A KEIGHLEY company has been ordered to pay fines and costs totalling almost £20,000 for exposing members of its workforce to illegal noise levels for more than seven years.

Fibreline Ltd, upholstery suppliers of Hard Ings Road, pleaded guilty at Bradford and Keighley Magistrates' Court last month to failing to ensure the health of employees in part of the factory where the machinery was too loud.

The case was sent to Bradford Crown Court because magistrates felt their sentencing powers were insufficient.

Rebecca Hirst, prosecuting for the Health and Safety Executive, told the crown court yesterday an inspector found that noise levels in the feather and foam production areas were significantly above the legal limit.

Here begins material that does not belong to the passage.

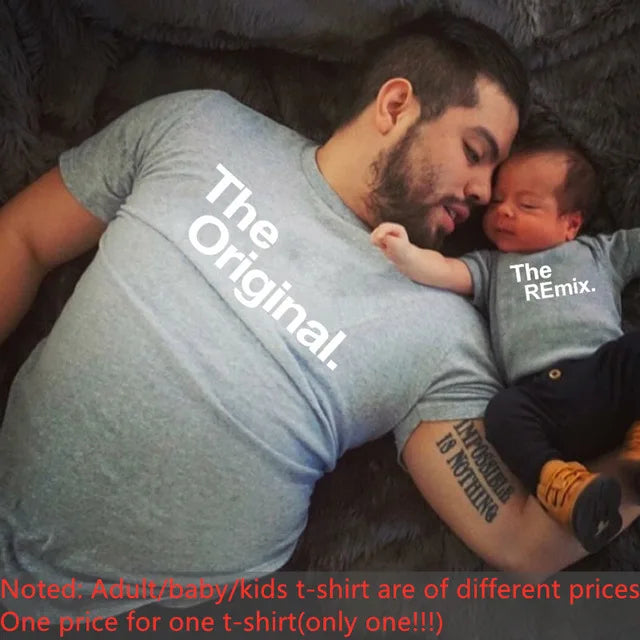 T-Shirts Assortis Famille Original Remix - Tenues Père Mère Enfant Bébé - Cadeau Fête des Pères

The well-established company should have provided personal ear protectors for 40 staff most at risk, Miss Hirst said.

She told the court: "From 2006 onwards, there was very little regard to the level of noise that was going on in the factory.

"It was a wholesale breach of regulations with damage to hearing foreseeable."

Miss Hirst conceded there was no proof that anyone's hearing had been damaged and no suggestion that the company put its profits above its obligations.

Barrister John Harrison, representing Fibreline, said it had been trading for 32 years and had a good safety record.

There was prompt admission of its responsibility and a timely guilty plea.

Although Fibreline had a very significant turnover, profits were subject to "an uncertain trading pattern."

When staff members watched their new feather pillow production machine being tested in Denmark, the operators were not wearing ear protectors. It was this machinery, installed in 2008, and changes made in 2011 when foam spray booths were moved together, that upped the noise levels.

Judge Jonathan Durham Hall QC said the Health and Safety Executive had been content for the case to stay at the lower court.

Fibreline was a long-established local company that had never been prosecuted before.

In 2006, when new noise regulations came in, it employed an independent firm to perform a risk assessment, but that turned out to be "wholly and clearly inadequate."

"There was a risk to the hearing of a very significant number of the 145 employees, and 40 were subjected to a very real risk," said the judge.

The company had paid out more than £23,000 to the Health and Safety Executive and co-operated fully with all its requirements.

Judge Durham Hall said it provided a valuable service in a highly competitive field and there was no profligacy in its salary structure.

Fibreline was fined £15,000, with £4,457 costs, all payable in 28 days.